§ Work instructions: Could you retype exactly the lines below between the one holding "Antique Golden Colour" and the one holding "Ilve® Nostalgie II", inclusive, leaving out any pictures?

§ Entries provided:

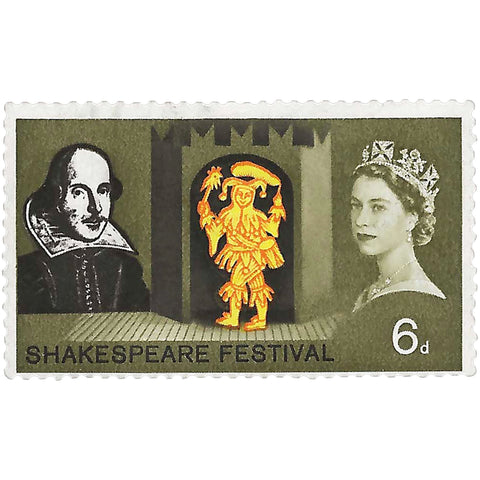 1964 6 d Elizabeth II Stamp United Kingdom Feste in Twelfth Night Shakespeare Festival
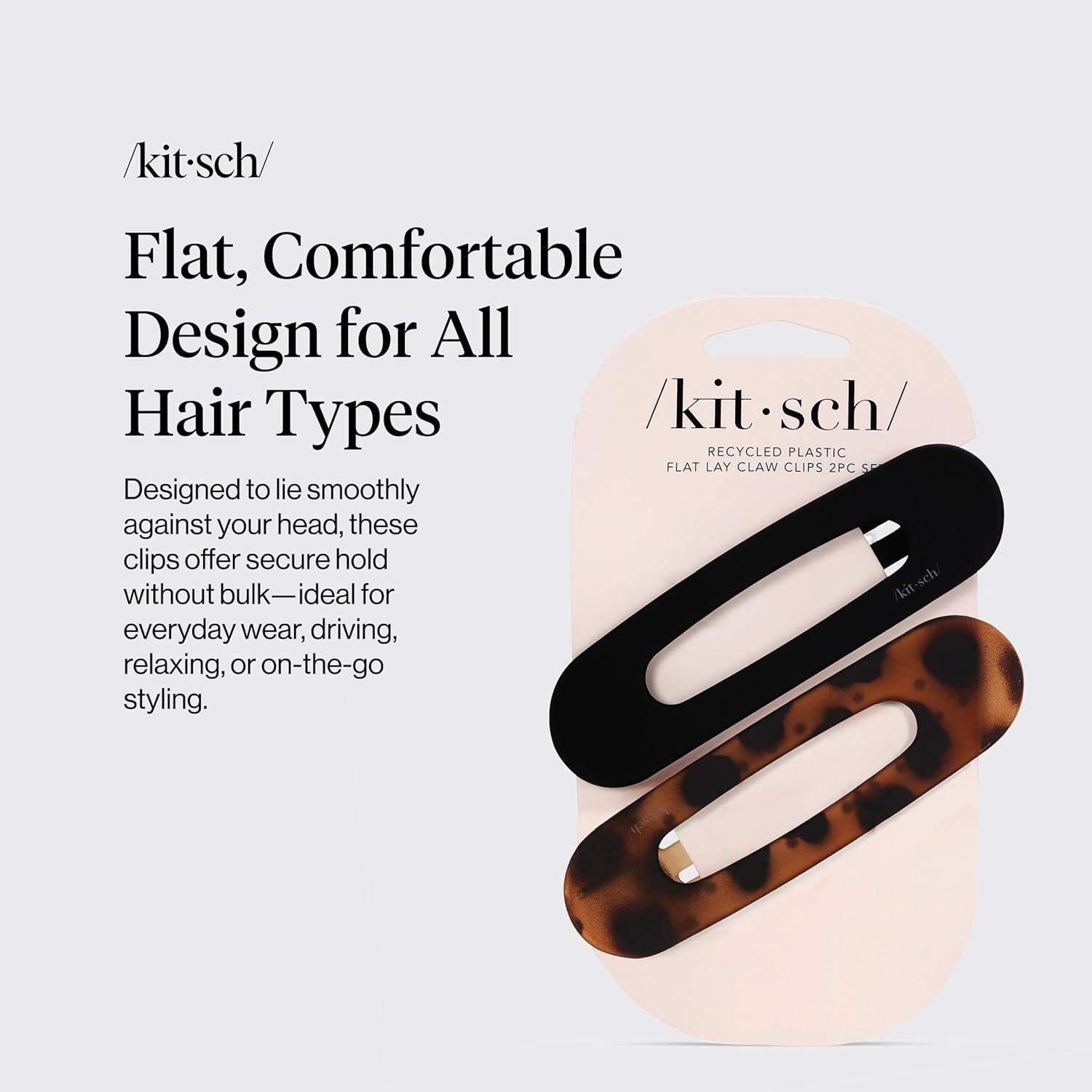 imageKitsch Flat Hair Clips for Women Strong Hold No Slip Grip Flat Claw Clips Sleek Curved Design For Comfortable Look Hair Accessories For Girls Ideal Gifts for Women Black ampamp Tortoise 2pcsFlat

==

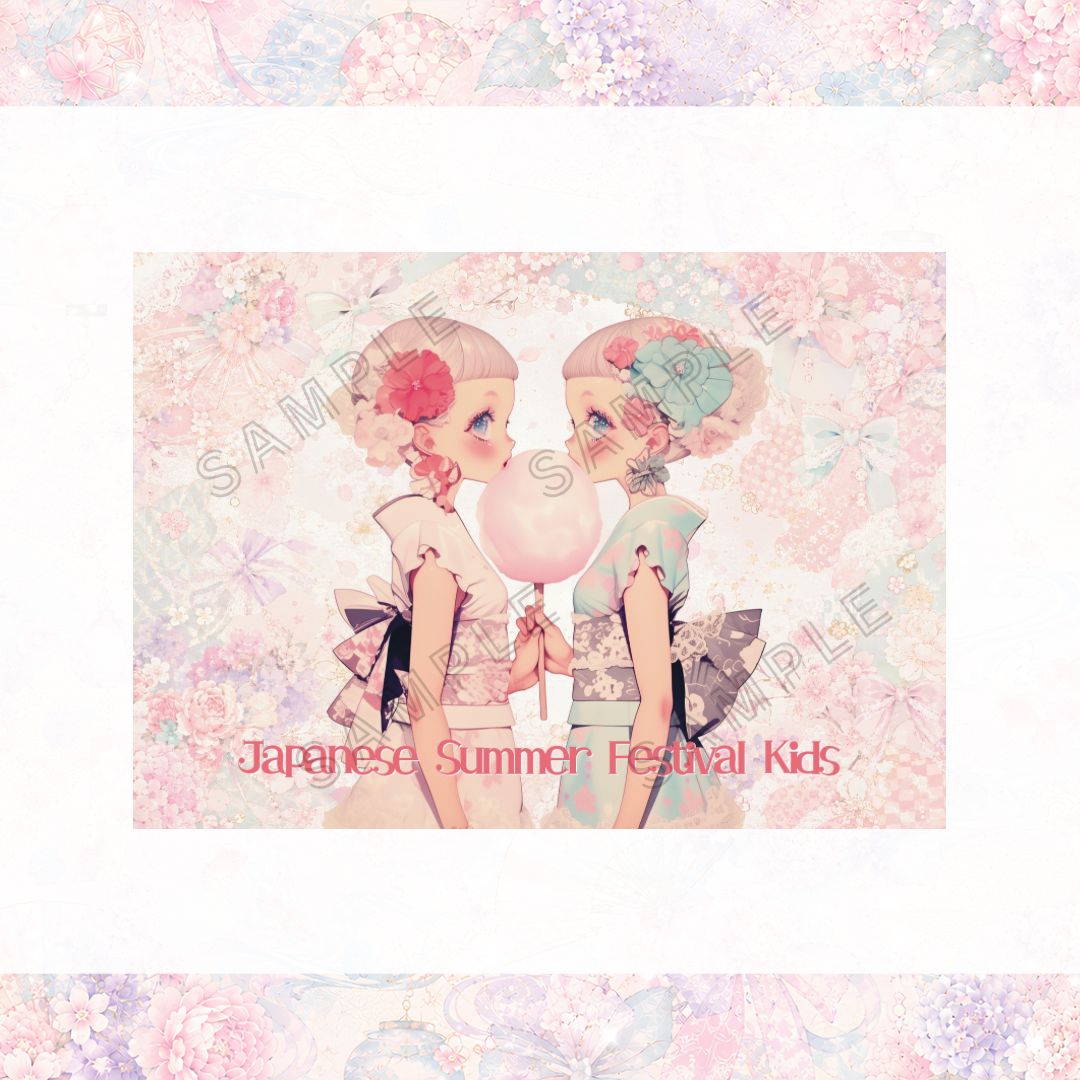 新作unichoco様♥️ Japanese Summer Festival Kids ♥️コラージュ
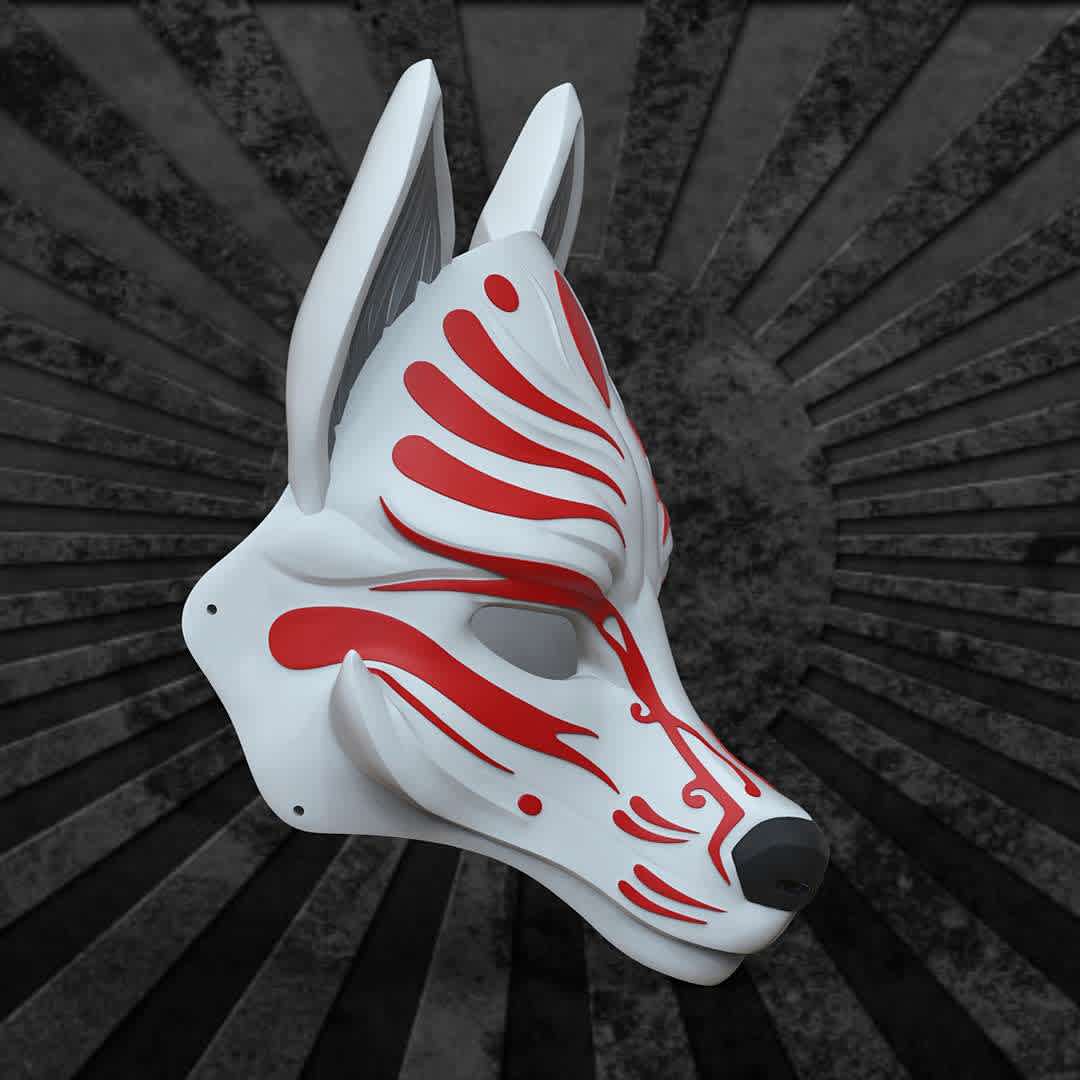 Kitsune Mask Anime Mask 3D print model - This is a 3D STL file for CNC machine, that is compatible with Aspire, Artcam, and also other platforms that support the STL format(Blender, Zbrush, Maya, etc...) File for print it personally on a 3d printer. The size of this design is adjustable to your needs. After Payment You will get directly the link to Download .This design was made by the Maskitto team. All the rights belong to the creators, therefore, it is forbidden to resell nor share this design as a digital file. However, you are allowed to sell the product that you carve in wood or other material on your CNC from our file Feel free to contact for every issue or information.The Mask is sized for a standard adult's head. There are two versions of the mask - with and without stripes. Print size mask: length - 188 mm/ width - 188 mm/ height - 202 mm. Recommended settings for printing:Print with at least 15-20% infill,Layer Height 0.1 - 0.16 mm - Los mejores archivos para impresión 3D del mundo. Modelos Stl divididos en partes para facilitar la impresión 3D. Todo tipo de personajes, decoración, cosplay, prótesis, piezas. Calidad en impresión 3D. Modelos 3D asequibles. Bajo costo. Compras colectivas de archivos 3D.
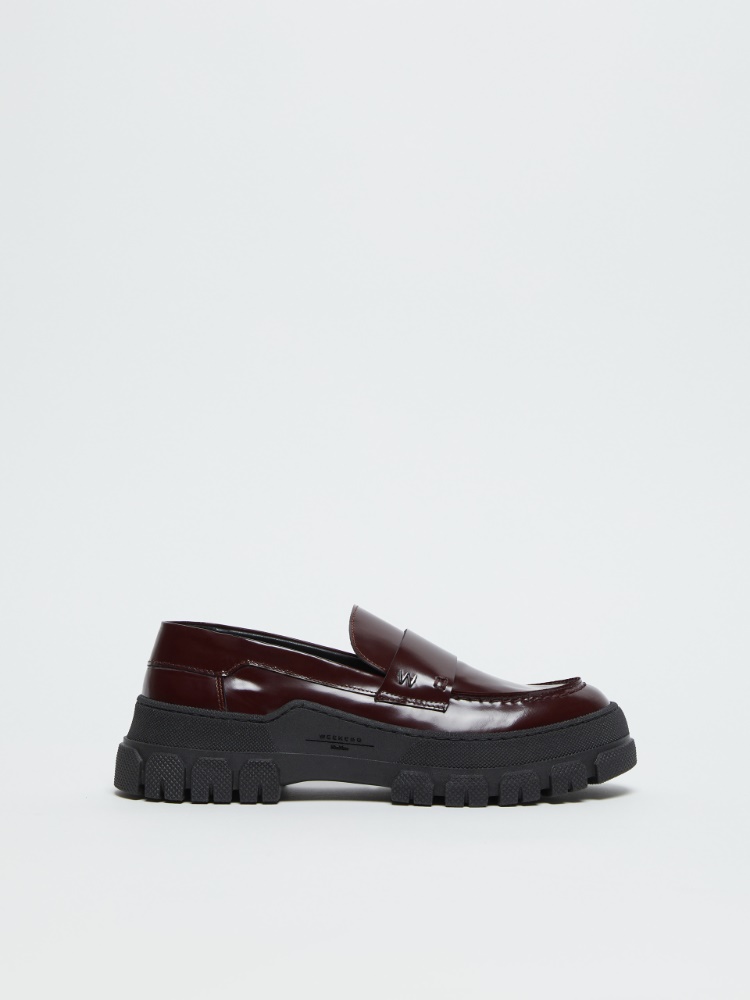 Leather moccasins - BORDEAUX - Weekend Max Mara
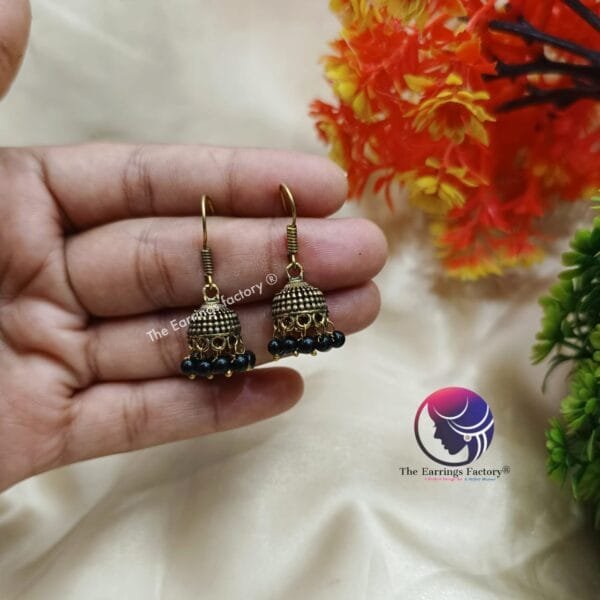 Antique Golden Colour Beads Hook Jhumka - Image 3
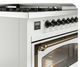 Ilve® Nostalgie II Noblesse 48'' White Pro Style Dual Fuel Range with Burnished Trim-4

* * *

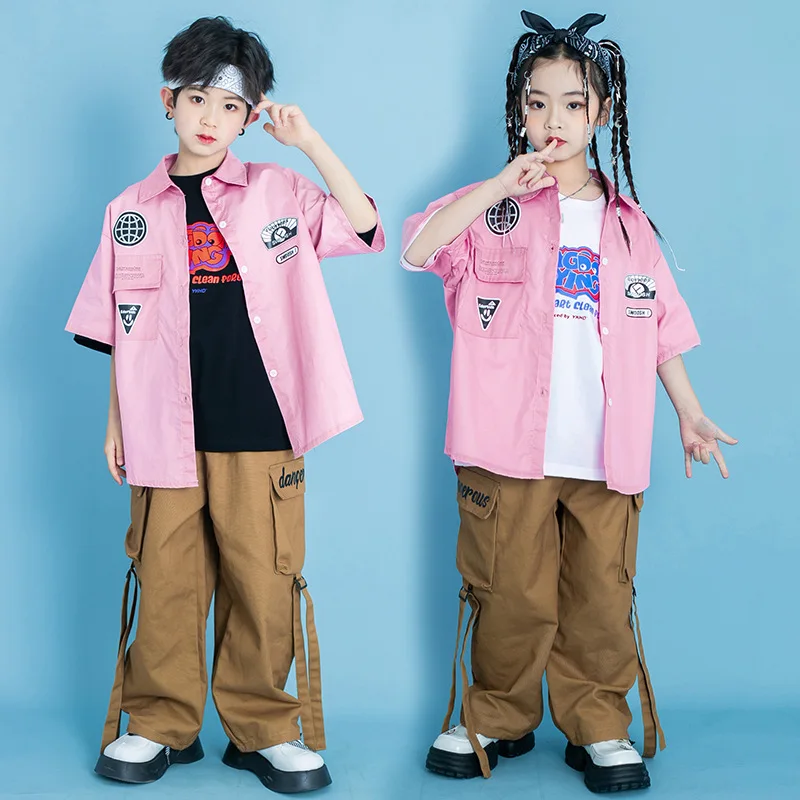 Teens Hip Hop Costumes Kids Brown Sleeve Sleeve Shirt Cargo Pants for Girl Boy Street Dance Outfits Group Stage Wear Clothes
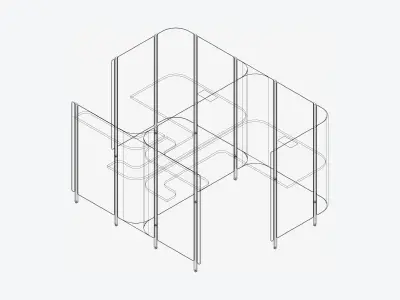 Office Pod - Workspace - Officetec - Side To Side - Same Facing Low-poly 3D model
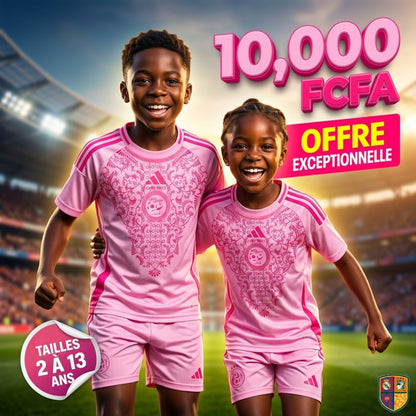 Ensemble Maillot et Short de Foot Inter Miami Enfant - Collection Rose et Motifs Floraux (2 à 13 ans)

§ Result for this task:
 Antique Golden Colour Beads Hook Jhumka - Image 3
 Ilve® Nostalgie II Noblesse 48'' White Pro Style Dual Fuel Range with Burnished Trim-4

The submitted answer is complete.